Work instruction
Only the lines that hold "https" should be in the answer, each copied from the data below.
[Data for processing — start]
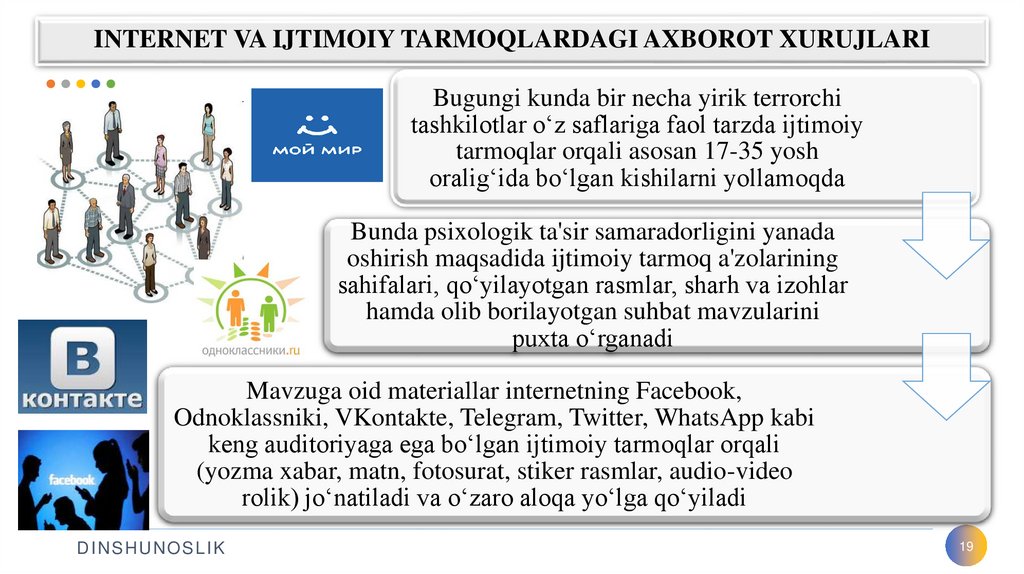 INTERNET VA IJTIMOIY TARMOQLARDAGI AXBOROT XURUJLARI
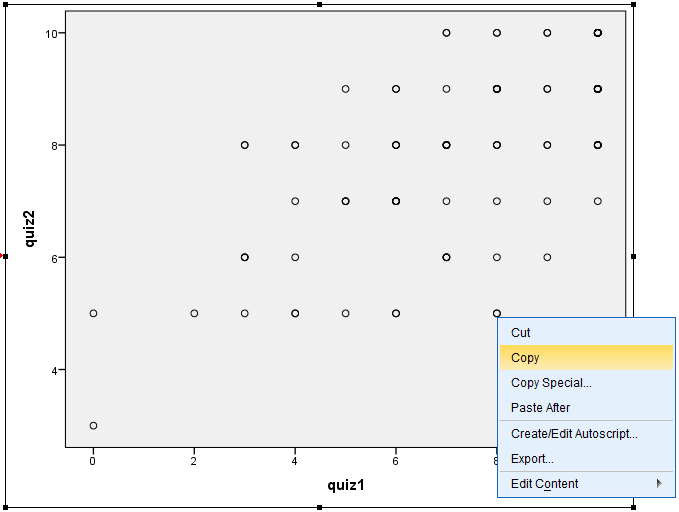 Unit 6 Assignment 1 Statistics 11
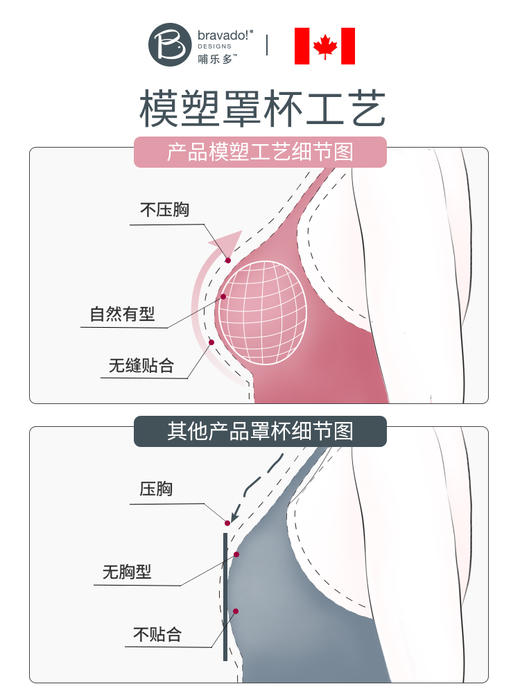 特价清-Bravado哺乐多哺乳文胸喂奶内衣女聚拢防下垂有型孕妇内衣胸罩 商品图2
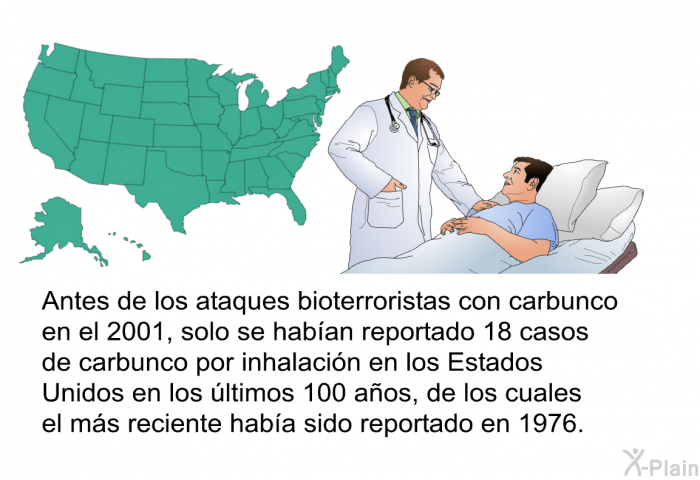 Antes de los ataques bioterroristas con carbunco en el 2001, solo se haban reportado18 casos de carbunco por inhalacin en los Estados Unidos en los ltimos 100 aos, de los cuales el ms reciente haba sido reportado en 1976.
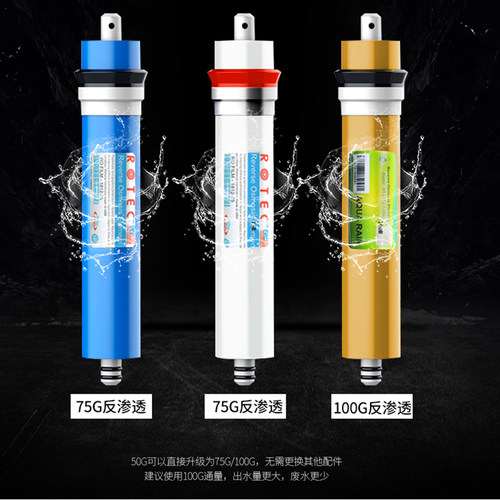 家用纯水机75GRO膜 100加仑反渗透膜 直饮净水器滤芯外贸尾货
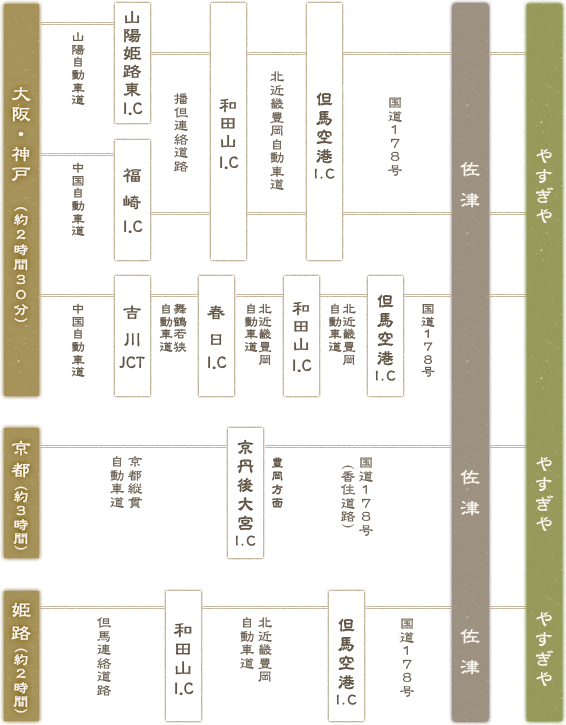 お車でお越しの方　大阪・神戸（約2時間30分）－山陽自動車道－山陽姫路東Ｉ.Ｃ－播但連絡道路－和田山Ｉ.Ｃ－北近畿豊岡自動車道－八鹿氷ノ山Ｉ.Ｃ－国道178号（香住道路）－佐津－やすぎや　大阪・神戸（約2時間30分）－中国自動車道－福崎Ｉ.Ｃ－播但連絡道路－和田山Ｉ.Ｃ－北近畿豊岡自動車道－八鹿氷ノ山Ｉ.Ｃ－国道178号（香住道路）－佐津－やすぎや　大阪・神戸（約2時間30分）－中国自動車道－吉川ＪＣＴ－舞鶴若狭自動車道－春日Ｉ.Ｃ－北近畿豊岡自動車道－八鹿氷ノ山Ｉ.Ｃ－国道178号（香住道路）－佐津－やすぎや　京都（約3時間）－京都縦貫自動車道－丹波Ｉ.Ｃ－国道178号（香住道路）－佐津－やすぎや　姫路（約2時間）－但馬連絡道路－和田山Ｉ.Ｃ－北近畿豊岡自動車道－八鹿氷ノ山Ｉ.Ｃ－国道178号（香住道路）－佐津－やすぎや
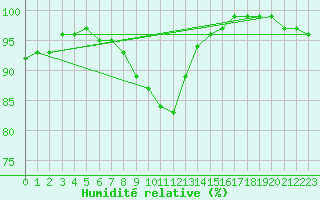 Courbe de l'humidit relative pour Lough Fea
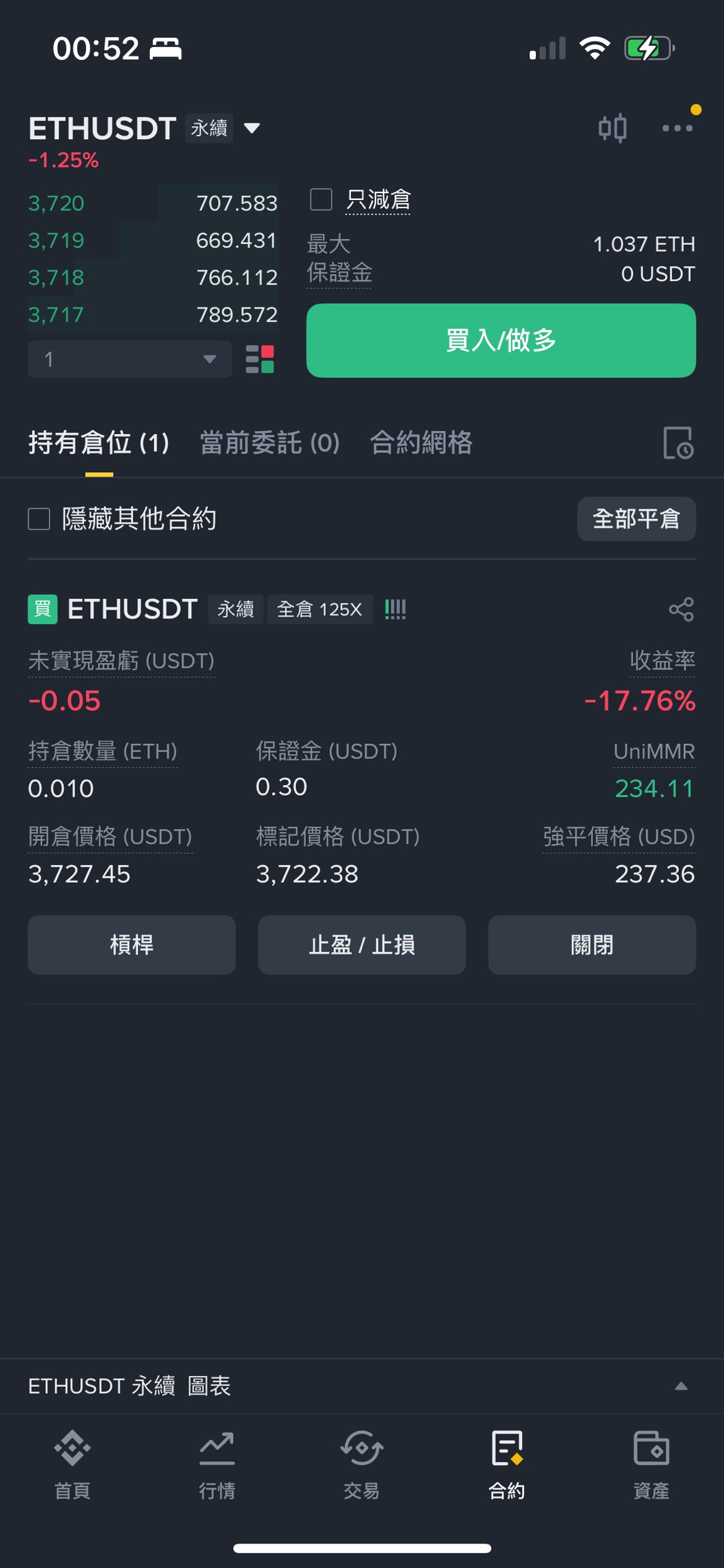 討論幣安止損未觸發- 區塊鏈板| Dcard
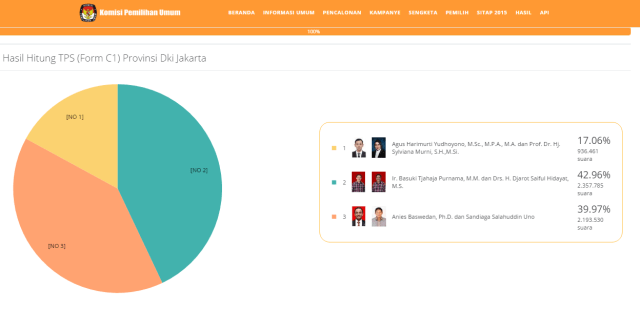 Hasil final scan C1 KPU DKI Jakarta. (Foto: Dok. KPU RI)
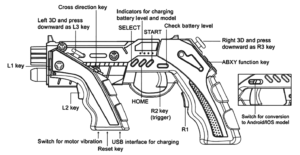 IPEGA PG-9057 Phantom ShoX Blaster Bluetooth Game Gun Controller
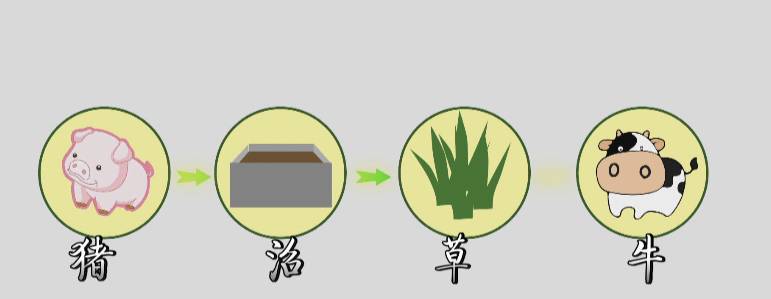 清理厕所大作战,猪粪自动清理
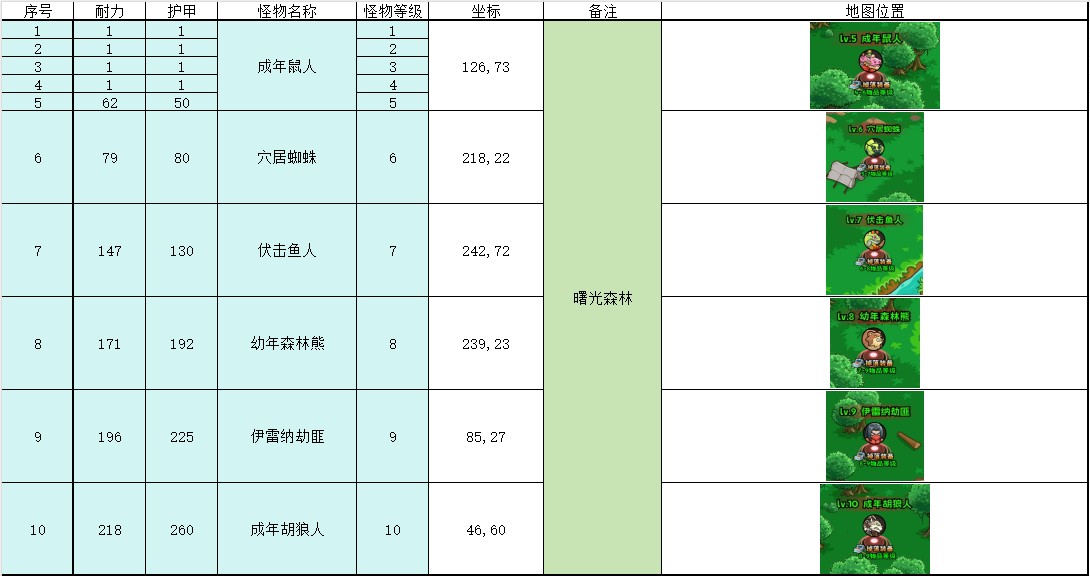 英雄冒险团野外挂机点位置推荐-英雄冒险团野外在哪挂机比较好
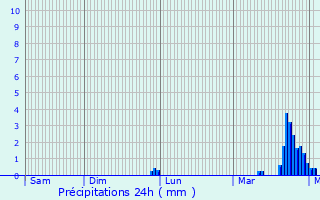 Graphique des précipitations prvues pour Saint-Alban-de-Roche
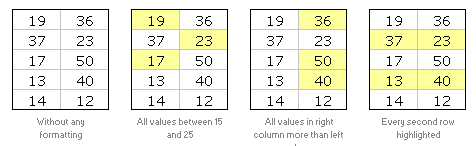 Excel Conditional Formatting Examples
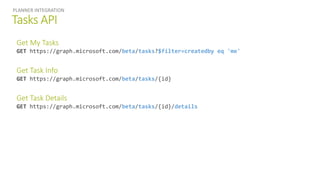 Tasks API
PLANNER INTEGRATION
Get My Tasks
GET https://graph.microsoft.com/beta/tasks?$filter=createdby eq 'me'
Get Task Info
GET https://graph.microsoft.com/beta/tasks/{id}
Get Task Details
GET https://graph.microsoft.com/beta/tasks/{id}/details
 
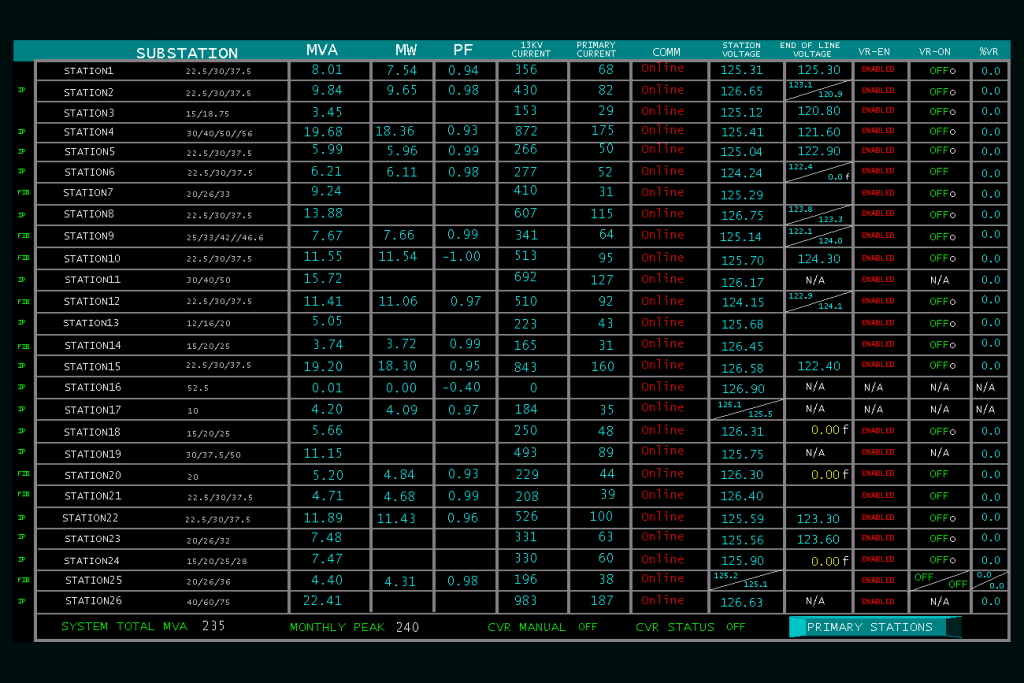 Figure 1. Custom dashboard showing station loading, end of line voltages, and voltage reduction status. 17 Boomerang devices are online at the time of the screenshot.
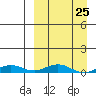 Kivalina tide chart for Monday, March 25, 2024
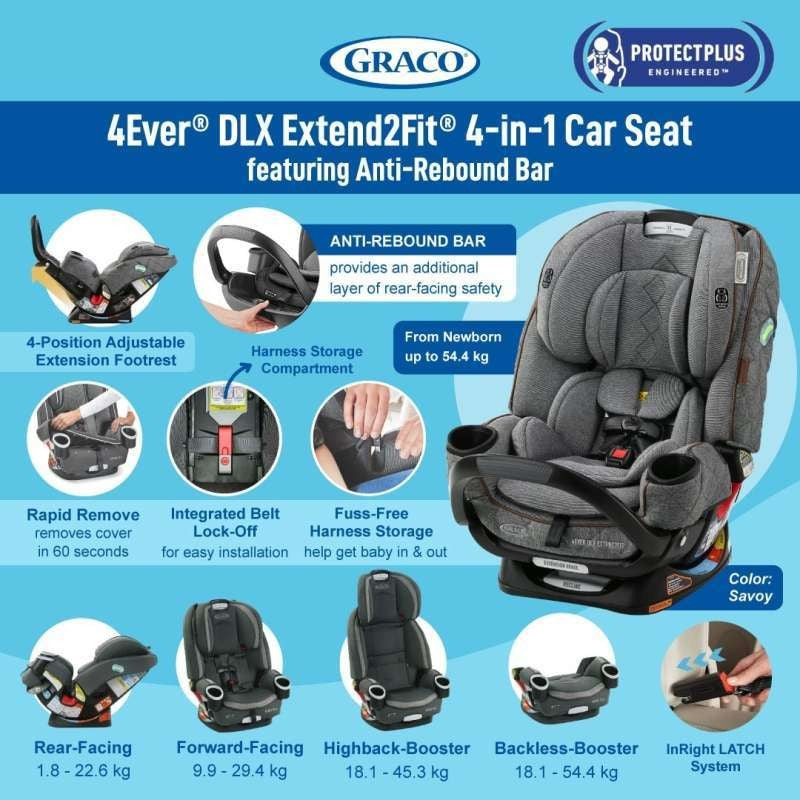 Car Seat Dudukan Mobil Graco DLX Extend2Fit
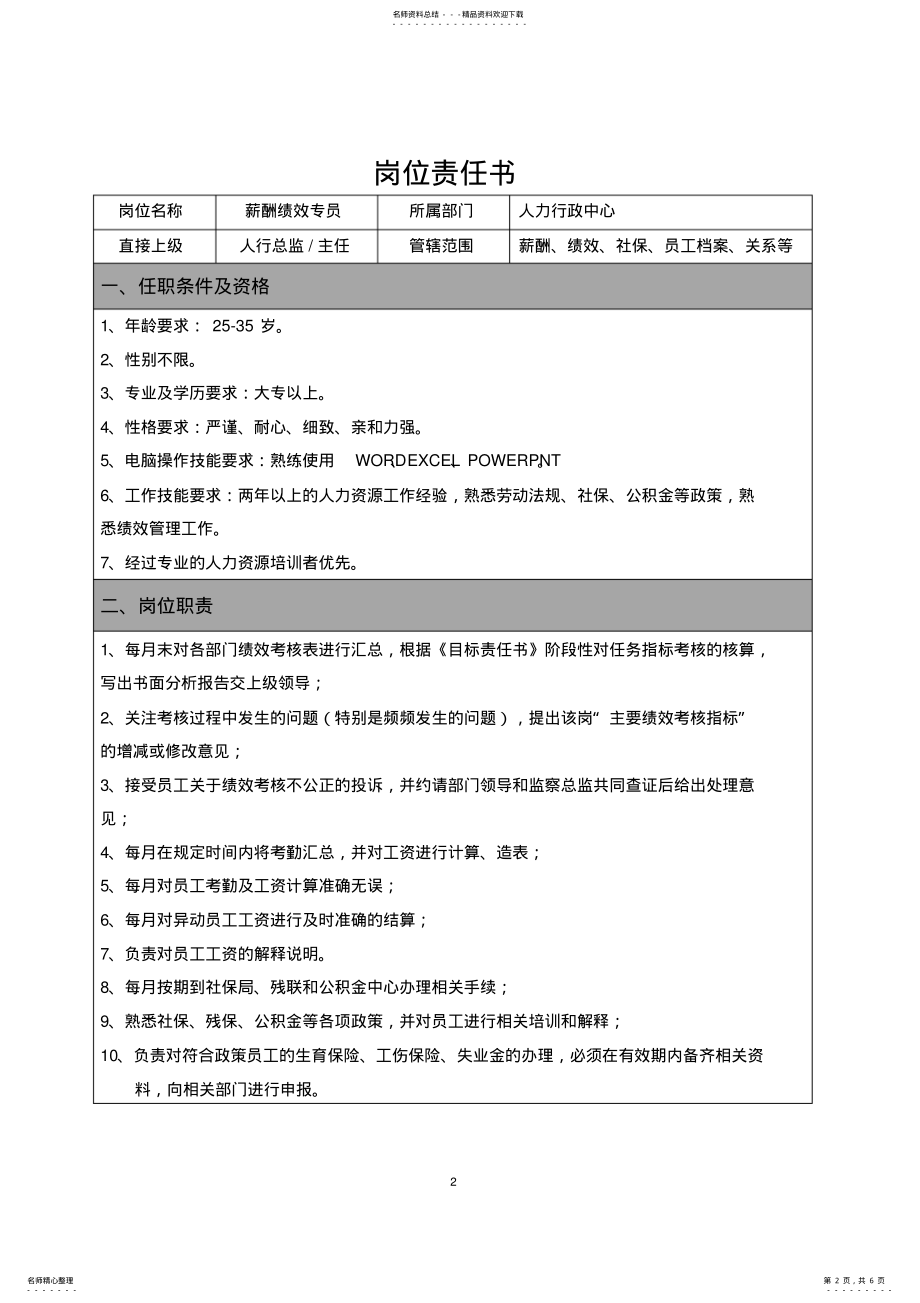 2022年薪酬绩效岗位责任书 2.pdf_第2页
[Data for processing — finish]
Result
GET https://graph.microsoft.com/beta/tasks?$filter=createdby eq 'me'
GET https://graph.microsoft.com/beta/tasks/{id}
GET https://graph.microsoft.com/beta/tasks/{id}/details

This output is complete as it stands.